Plus, all my coworkers talk about is sex and getting smashed.  Once again, two things that I can not relate to, nor do I want to.  People ask off on Sunday mornings, but it's not to go to church.  It's to nurse their hangovers.  I know that this would be a great place to try to bring people to Christ, but I already feel like everyone thinks I'm lame cause I don't smoke, drink, cuss and hook up with random people (well, anyone.)  

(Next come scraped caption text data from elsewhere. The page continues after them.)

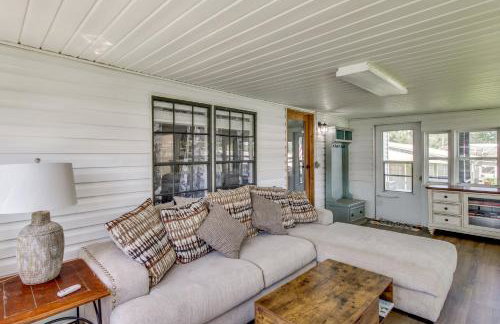 Private Dock + Fire Pit: Point A Lake Retreat! - Foto 22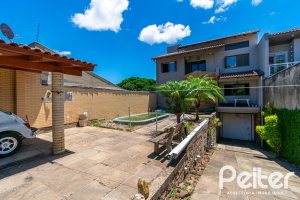 Casa à venda com 200m², 2 dormitórios, 1 suíte, 8 vagas, no bairro Nonoai em Porto Alegre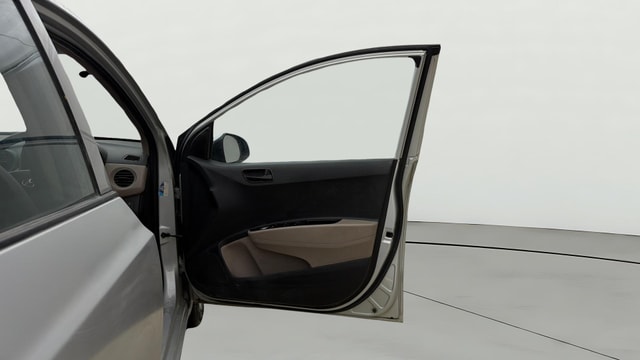 View Hyundai Grand i10 Image 44 Used Hyundai Grand i10 Image 44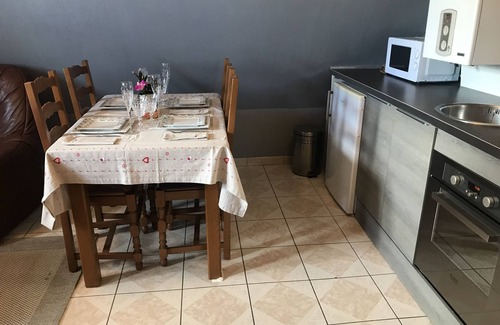 Riquewihr Cottage | Vineyard Cottages: Scenic Lake Views & Family-Friendly Stay
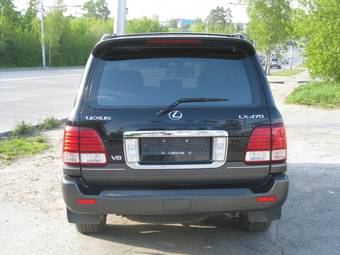 2002 Lexus LX470 Photos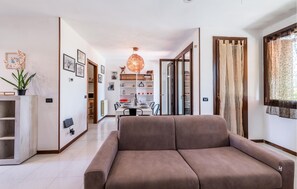 Smart TV - Nice home in Desenzano del Garda (Desenzano del Garda)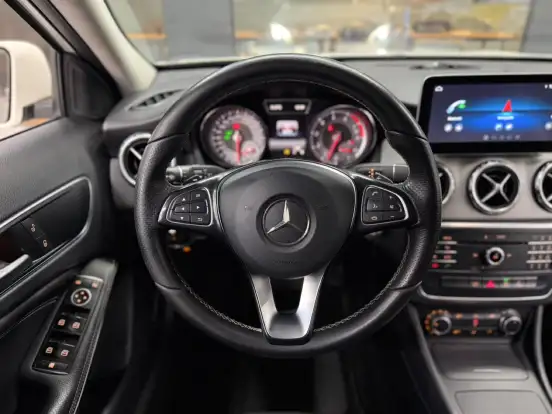 MERCEDES-BENZ-GLA 200-1.6 CGI ADVANCE 16V TURBO FLEX 4P AUTOMÁTICO MERCEDES-BENZ-GLA 200-2016
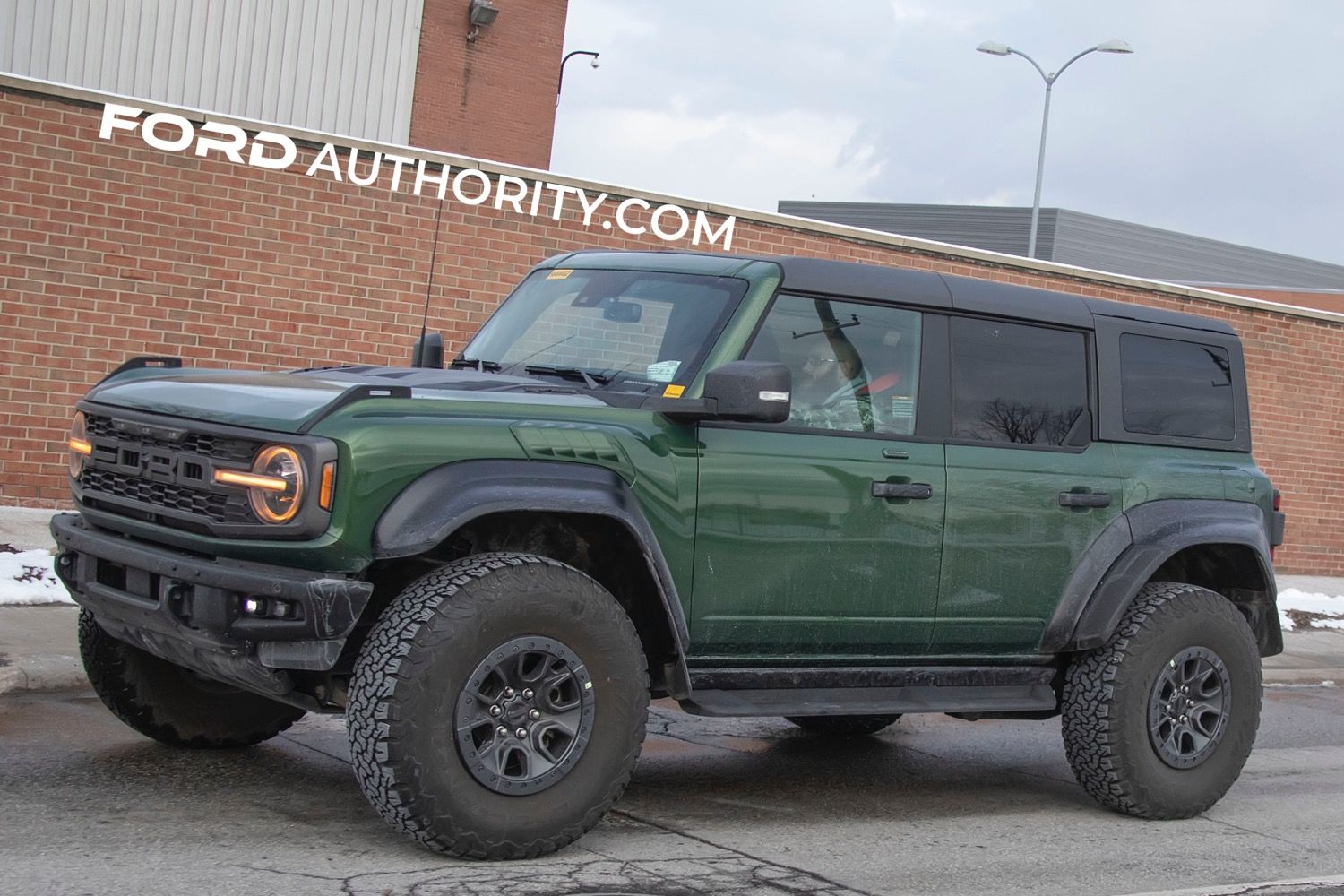 2022-Ford-Bronco-Raptor-Eruption-Green-Real-World-Photos-Exterior-001.jpg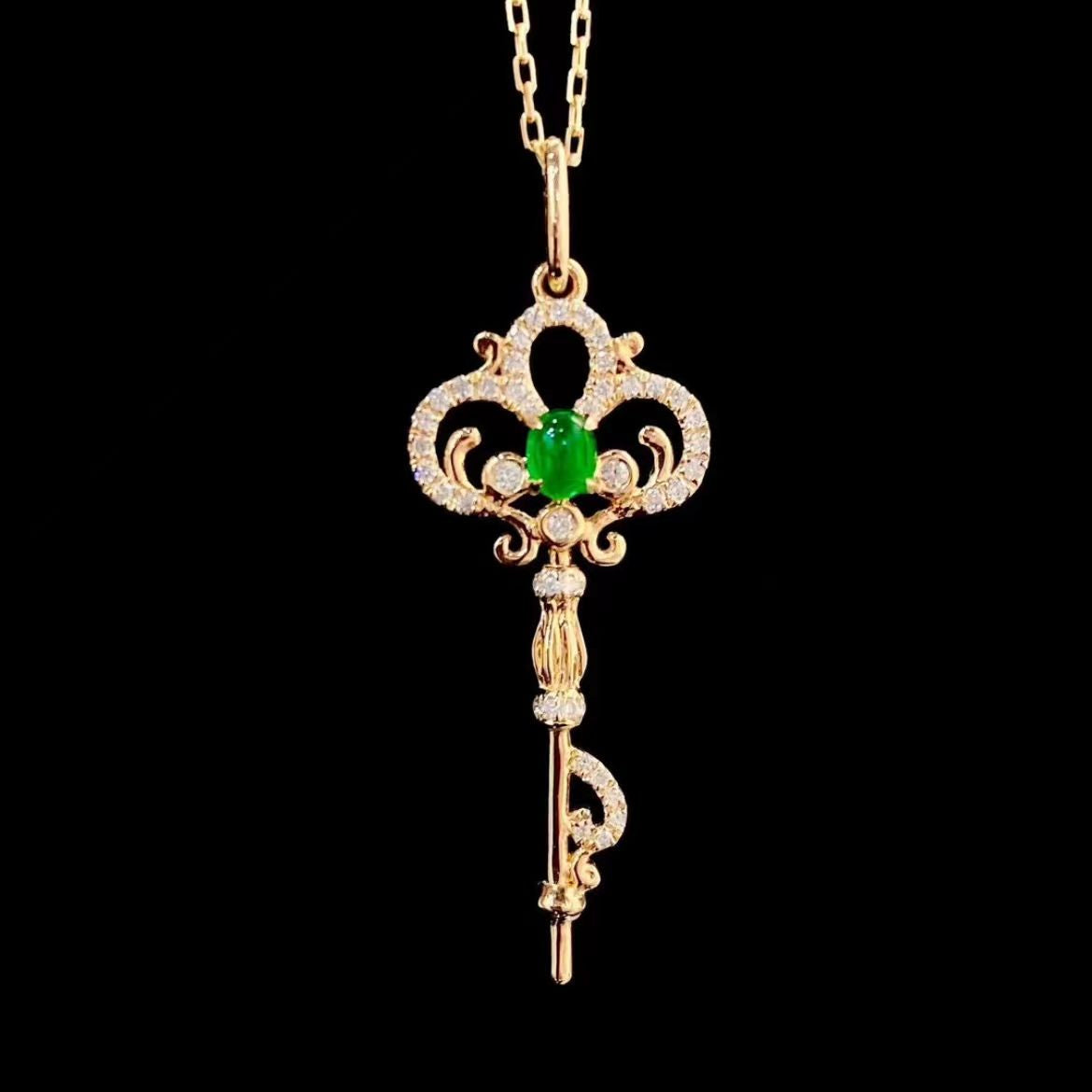 Emerald Pendant Key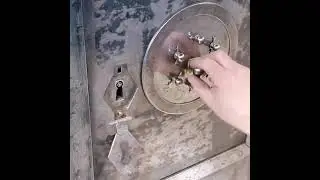 Стальная дверь антикварного сейфа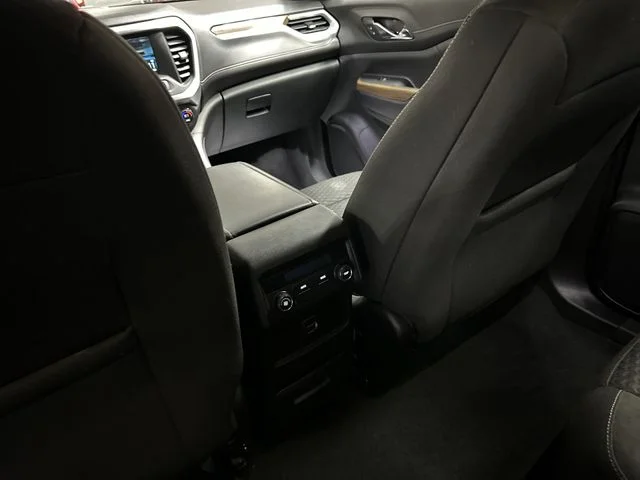 Used 2019 Gray GMC SLE-2 image 23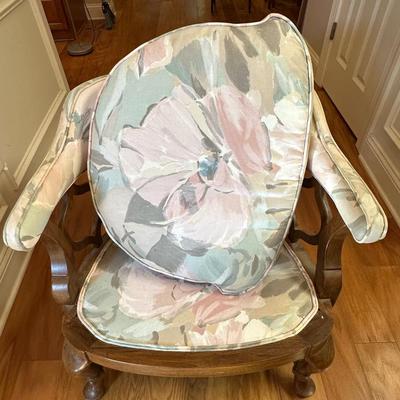 Beautiful Barrel Style Lounge or Reading Chair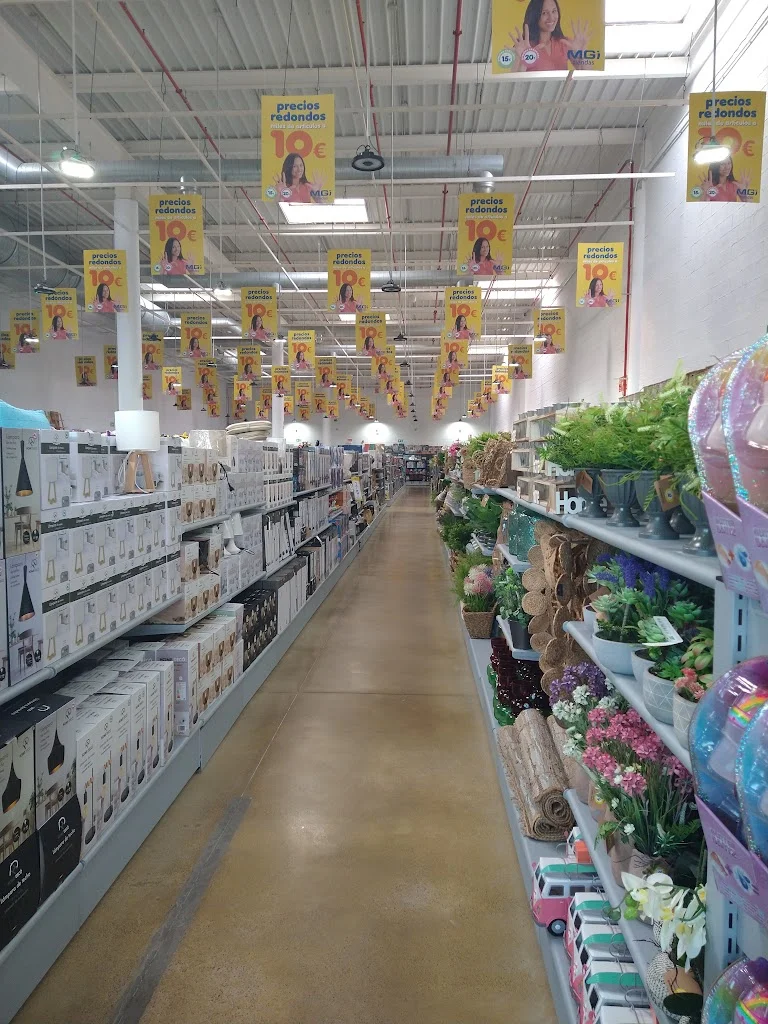 Foto 4 de Tiendas Mgi Vinaros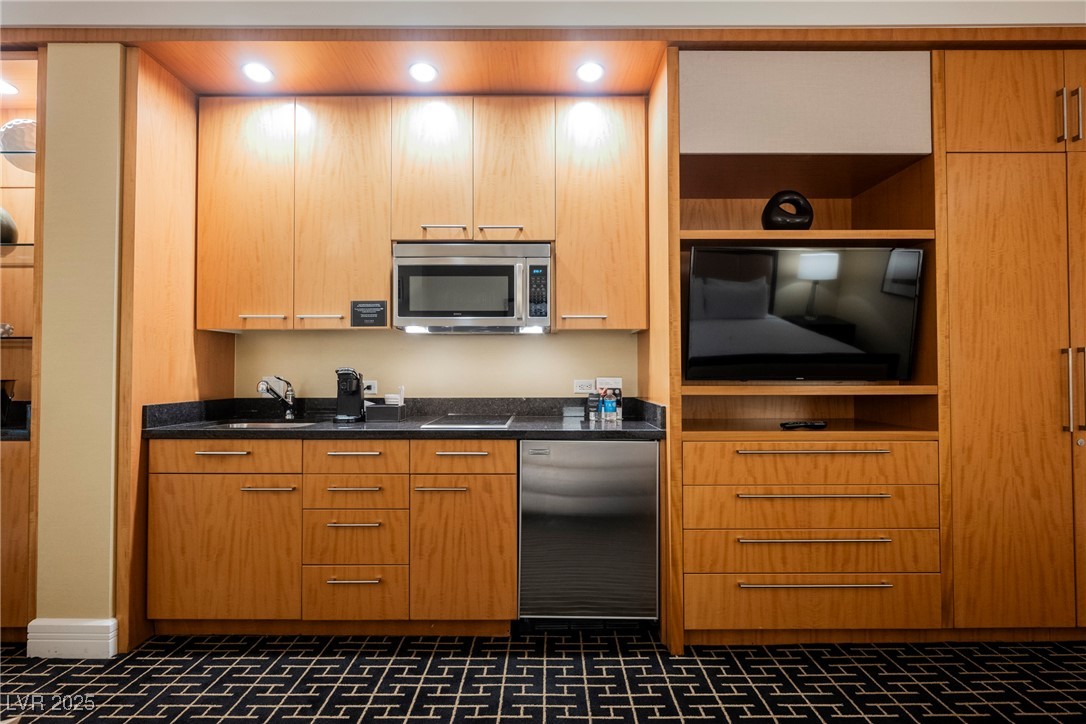 2000 N Fashion Show Drive 1623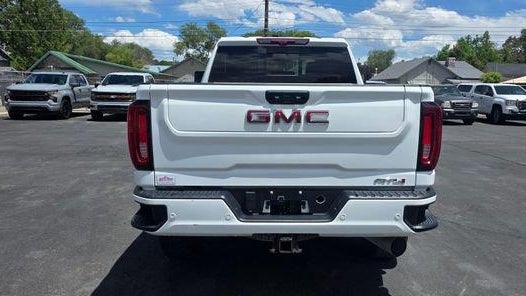2023 GMC Sierra 2500HD AT4
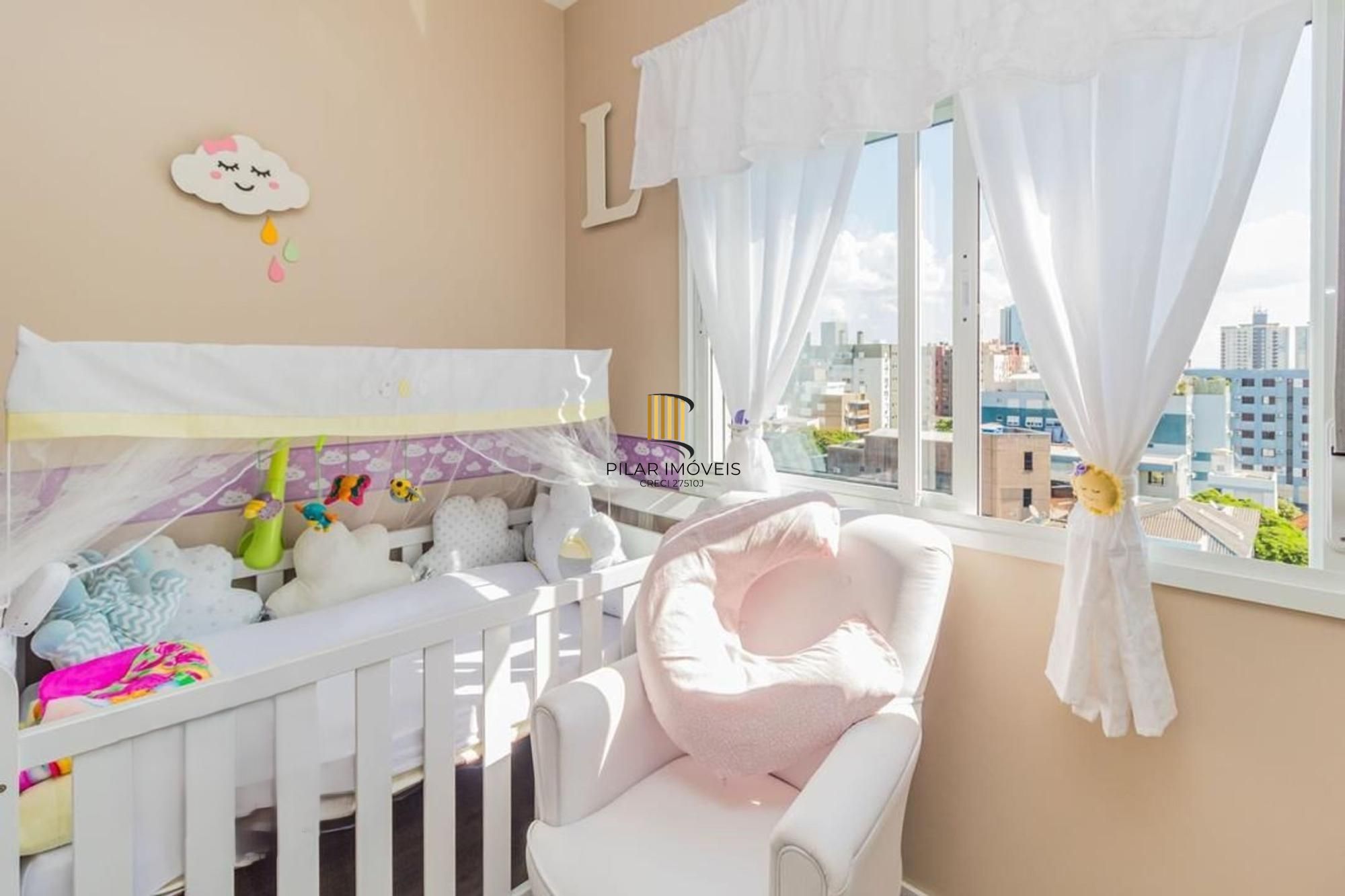 Apartamento semi mobiliado, 2 dormitórios, 1 suíte e 1 vaga de garagem coberta no bairro Menino Deus em Porto Alegre.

One good thing, is this is really making me appreciate my awesome friends.  It seems like a lot of the workers only have their coworkers as friends.  One of the kids just turned 21 today (well, tomorrow... they're going out at midnight) so most everyone is going drinking with him.  I was like, man.  I'm so glad that I have legit friends who I can hang out with and not drink.  I dunno.  This job is just already stressing me out.  I'm sure I'd be fine if I only got customers like my family, but I know that's not going to be the case. 

Anyway.

Time to go read the Bible, cause I'm reading through it chronologically this summer with some 50 + cool kids from Aletheia :)

5.14.2011

REFLECT pt. 1

These past few days I was in Richmond with my fellow "Aletheians" as Matt Light likes to put it. For those of you who don't know, Aletheia (which means 'Truth') is the church I attend.  It was started 10 years ago by a father son duo, Dave and Aaron Proffitt.  (Whenever I talked about the Proffitts, my mom thought I was saying 'prophets' and was quite skeptical...)  They both have a heart for missions and church planting, especially in college cities.  I don't really know how, but they decided to move from California all the way to JMU in good ol' Harrisonburg, VA.  Since then, 3 churches have been planted in the USA (Virginia Commonwealth, Old Dominion, and University of South Florida) with a 4th (University of Florida) on its way.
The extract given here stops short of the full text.